Work instructions:
Take the lines below beginning at the line that has "Monthly Economy Hamper" and stopping after the line that has "Appartement à vendre, 49m², Courbevoie", and print them exactly as they are, with no other lines.

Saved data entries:
- Opening Delimiter -

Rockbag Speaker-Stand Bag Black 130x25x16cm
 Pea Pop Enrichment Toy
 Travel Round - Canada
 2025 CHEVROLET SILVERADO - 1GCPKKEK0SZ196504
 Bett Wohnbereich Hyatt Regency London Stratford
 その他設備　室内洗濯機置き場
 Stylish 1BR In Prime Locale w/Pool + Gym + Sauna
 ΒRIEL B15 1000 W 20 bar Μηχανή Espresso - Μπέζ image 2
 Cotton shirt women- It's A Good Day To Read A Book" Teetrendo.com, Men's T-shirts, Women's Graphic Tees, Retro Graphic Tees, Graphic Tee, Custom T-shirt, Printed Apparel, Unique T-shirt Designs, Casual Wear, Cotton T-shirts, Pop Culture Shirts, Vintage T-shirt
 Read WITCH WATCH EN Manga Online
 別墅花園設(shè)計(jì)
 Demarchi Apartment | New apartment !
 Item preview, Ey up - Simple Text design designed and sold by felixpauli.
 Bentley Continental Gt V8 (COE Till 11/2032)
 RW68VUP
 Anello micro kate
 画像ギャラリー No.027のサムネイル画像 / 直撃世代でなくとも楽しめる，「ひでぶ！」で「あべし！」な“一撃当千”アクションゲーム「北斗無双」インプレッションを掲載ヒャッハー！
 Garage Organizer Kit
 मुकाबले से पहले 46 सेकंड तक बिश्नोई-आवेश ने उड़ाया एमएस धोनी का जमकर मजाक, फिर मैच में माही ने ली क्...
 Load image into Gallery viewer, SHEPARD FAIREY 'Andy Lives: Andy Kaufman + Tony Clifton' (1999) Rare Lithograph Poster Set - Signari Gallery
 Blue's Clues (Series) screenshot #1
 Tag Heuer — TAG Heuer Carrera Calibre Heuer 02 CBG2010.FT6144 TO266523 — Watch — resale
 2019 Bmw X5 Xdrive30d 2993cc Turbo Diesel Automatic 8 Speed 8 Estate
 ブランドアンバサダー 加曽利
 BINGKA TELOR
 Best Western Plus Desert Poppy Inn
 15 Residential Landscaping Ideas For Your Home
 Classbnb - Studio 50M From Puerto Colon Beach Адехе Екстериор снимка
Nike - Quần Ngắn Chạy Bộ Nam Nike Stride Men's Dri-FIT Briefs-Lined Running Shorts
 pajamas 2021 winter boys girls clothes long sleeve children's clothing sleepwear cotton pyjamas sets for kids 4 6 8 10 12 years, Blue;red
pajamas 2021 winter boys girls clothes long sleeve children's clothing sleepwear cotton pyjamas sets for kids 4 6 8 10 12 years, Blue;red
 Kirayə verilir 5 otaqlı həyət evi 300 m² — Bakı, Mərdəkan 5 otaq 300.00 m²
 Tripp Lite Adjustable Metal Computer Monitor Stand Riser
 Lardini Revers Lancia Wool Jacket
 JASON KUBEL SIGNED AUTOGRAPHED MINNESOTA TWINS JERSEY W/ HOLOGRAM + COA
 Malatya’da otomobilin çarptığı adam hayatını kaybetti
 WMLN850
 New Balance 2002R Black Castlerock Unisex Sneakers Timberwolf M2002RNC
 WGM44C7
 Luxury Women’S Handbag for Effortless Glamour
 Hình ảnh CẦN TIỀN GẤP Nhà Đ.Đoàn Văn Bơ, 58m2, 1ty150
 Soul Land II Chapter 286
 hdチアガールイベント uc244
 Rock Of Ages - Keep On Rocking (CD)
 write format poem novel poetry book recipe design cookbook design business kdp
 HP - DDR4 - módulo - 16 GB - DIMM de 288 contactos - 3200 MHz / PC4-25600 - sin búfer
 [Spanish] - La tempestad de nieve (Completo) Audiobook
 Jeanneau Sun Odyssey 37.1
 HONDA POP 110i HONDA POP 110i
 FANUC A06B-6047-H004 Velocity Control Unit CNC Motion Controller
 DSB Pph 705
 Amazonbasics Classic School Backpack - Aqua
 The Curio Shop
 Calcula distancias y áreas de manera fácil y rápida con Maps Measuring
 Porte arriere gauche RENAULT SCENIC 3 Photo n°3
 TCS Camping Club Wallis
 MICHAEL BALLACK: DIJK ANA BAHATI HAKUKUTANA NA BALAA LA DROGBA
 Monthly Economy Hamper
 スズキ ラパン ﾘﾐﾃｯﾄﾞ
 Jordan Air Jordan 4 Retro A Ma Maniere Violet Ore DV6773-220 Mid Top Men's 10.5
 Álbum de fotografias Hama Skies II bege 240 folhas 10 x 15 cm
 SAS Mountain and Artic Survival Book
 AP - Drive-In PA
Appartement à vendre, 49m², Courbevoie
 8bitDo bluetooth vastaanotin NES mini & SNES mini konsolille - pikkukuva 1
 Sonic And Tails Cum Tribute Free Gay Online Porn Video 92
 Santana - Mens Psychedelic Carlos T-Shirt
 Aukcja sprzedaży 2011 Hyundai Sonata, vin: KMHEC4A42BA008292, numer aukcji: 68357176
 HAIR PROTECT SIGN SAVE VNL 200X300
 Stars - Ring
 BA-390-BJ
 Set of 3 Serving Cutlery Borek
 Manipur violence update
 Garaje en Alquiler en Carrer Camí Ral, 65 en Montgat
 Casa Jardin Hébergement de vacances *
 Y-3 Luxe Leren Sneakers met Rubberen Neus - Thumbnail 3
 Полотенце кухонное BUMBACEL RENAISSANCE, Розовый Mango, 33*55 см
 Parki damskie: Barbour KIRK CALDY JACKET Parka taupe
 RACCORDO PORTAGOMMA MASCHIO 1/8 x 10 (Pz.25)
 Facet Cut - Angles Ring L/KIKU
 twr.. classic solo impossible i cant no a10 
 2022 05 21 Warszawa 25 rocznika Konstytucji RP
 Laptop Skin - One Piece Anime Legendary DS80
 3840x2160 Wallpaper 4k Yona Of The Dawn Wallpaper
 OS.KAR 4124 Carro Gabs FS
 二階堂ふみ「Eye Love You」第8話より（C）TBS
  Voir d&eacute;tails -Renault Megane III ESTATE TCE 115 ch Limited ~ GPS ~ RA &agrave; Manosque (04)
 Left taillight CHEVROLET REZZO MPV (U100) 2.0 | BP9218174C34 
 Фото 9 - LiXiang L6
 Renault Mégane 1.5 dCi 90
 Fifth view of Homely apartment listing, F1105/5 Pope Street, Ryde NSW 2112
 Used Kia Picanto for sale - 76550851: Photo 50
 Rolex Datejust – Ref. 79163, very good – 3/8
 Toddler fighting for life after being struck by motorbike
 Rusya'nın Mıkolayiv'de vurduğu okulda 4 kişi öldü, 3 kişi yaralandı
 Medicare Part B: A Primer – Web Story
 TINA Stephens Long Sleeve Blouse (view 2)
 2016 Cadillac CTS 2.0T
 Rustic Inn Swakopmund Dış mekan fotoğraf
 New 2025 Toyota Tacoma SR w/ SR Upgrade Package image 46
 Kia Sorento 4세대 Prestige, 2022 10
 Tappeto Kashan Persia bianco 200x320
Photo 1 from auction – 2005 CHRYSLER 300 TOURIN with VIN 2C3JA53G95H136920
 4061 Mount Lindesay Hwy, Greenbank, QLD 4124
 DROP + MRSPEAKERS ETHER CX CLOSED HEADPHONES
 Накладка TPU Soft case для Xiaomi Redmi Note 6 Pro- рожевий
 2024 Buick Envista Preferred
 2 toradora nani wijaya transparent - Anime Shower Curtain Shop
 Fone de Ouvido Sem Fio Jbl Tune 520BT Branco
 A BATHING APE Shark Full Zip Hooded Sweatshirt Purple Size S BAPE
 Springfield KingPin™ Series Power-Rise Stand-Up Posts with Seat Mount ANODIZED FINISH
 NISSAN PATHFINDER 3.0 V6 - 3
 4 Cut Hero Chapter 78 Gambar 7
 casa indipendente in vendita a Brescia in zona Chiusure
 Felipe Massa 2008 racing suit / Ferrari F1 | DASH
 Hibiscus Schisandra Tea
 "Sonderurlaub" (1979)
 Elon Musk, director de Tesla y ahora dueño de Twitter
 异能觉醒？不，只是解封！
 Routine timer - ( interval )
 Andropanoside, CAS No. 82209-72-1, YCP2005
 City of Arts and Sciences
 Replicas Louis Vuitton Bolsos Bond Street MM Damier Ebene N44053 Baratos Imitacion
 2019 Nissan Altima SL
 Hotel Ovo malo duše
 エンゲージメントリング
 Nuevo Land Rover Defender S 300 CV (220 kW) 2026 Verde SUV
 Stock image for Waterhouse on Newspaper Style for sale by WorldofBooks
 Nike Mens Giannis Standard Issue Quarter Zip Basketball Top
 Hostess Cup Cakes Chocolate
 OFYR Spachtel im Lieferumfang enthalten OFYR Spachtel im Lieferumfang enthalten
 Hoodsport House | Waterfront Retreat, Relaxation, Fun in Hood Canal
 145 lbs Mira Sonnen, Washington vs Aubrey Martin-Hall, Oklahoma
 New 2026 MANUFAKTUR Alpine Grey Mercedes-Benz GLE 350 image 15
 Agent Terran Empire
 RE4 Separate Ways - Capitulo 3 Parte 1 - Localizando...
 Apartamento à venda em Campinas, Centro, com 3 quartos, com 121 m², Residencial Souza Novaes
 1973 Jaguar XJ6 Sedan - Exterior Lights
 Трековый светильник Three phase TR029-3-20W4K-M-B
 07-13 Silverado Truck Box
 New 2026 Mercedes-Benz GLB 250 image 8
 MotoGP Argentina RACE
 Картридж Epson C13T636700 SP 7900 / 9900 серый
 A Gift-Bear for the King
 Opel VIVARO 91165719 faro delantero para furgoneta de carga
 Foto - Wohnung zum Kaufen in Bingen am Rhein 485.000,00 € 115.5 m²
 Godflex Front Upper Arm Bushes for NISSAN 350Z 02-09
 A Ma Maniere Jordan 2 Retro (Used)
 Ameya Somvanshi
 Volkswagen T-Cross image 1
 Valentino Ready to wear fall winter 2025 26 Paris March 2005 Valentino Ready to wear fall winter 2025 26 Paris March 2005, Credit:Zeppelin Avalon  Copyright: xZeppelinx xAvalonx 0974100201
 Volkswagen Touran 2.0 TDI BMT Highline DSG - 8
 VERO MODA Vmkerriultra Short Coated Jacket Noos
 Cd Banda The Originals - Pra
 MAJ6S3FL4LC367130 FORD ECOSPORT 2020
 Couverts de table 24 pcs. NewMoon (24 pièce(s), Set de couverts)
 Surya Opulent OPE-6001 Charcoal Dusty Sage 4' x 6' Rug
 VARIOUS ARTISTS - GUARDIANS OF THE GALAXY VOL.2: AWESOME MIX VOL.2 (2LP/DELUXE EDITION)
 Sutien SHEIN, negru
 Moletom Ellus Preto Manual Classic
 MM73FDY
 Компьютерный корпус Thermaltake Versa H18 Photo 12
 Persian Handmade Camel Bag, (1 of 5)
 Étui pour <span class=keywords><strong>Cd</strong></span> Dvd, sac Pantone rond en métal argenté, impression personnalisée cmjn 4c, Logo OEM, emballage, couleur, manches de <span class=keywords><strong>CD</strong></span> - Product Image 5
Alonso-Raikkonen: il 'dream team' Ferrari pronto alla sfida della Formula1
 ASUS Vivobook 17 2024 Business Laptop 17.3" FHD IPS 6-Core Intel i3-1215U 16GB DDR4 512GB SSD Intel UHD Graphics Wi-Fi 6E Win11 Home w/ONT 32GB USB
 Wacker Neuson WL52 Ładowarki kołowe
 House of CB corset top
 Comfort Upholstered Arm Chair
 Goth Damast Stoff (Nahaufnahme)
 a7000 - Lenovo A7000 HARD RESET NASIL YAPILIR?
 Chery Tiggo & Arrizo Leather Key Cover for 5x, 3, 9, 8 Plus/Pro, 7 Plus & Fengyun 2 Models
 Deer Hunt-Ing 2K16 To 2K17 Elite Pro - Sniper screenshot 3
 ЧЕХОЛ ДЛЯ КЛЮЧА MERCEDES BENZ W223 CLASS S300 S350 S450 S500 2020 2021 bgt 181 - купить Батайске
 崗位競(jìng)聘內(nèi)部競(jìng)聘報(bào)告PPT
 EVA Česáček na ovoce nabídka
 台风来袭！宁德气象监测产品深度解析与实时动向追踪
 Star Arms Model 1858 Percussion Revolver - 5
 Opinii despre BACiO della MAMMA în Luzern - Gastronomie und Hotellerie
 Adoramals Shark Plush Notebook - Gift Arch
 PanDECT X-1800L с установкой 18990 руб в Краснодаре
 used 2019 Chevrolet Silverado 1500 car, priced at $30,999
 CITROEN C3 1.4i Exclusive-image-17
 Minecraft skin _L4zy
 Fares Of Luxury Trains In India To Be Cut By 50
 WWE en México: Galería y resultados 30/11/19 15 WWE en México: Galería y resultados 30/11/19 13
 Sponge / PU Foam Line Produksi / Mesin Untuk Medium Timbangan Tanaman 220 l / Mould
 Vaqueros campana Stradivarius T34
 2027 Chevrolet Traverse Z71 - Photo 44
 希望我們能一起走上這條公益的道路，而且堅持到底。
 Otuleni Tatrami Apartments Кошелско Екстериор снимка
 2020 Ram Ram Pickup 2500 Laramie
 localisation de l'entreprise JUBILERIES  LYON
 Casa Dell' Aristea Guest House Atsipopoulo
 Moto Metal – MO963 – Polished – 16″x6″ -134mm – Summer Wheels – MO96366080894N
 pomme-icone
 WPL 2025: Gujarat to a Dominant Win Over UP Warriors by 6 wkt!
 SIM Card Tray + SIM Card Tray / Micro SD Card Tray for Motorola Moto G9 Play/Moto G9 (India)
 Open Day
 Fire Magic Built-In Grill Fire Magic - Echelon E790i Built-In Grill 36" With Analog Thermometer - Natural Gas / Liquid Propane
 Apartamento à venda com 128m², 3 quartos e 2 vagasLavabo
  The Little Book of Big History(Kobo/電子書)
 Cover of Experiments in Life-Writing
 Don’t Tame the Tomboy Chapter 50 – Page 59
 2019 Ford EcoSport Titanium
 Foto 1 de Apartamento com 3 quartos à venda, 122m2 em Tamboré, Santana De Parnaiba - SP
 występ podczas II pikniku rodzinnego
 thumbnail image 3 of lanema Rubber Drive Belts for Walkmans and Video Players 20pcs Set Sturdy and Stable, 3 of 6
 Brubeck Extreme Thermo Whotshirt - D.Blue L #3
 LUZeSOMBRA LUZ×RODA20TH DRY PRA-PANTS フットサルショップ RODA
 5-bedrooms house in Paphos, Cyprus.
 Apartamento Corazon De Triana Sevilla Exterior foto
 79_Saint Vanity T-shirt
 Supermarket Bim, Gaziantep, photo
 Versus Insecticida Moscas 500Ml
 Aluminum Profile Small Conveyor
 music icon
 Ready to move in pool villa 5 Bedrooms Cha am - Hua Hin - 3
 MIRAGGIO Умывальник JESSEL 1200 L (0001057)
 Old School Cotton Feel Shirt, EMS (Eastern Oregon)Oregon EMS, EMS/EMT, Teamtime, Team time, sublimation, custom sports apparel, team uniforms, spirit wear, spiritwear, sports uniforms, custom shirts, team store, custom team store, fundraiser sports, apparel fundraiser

- Closing Delimiter -

Expected output:
 Monthly Economy Hamper
 スズキ ラパン ﾘﾐﾃｯﾄﾞ
 Jordan Air Jordan 4 Retro A Ma Maniere Violet Ore DV6773-220 Mid Top Men's 10.5
 Álbum de fotografias Hama Skies II bege 240 folhas 10 x 15 cm
 SAS Mountain and Artic Survival Book
 AP - Drive-In PA
Appartement à vendre, 49m², Courbevoie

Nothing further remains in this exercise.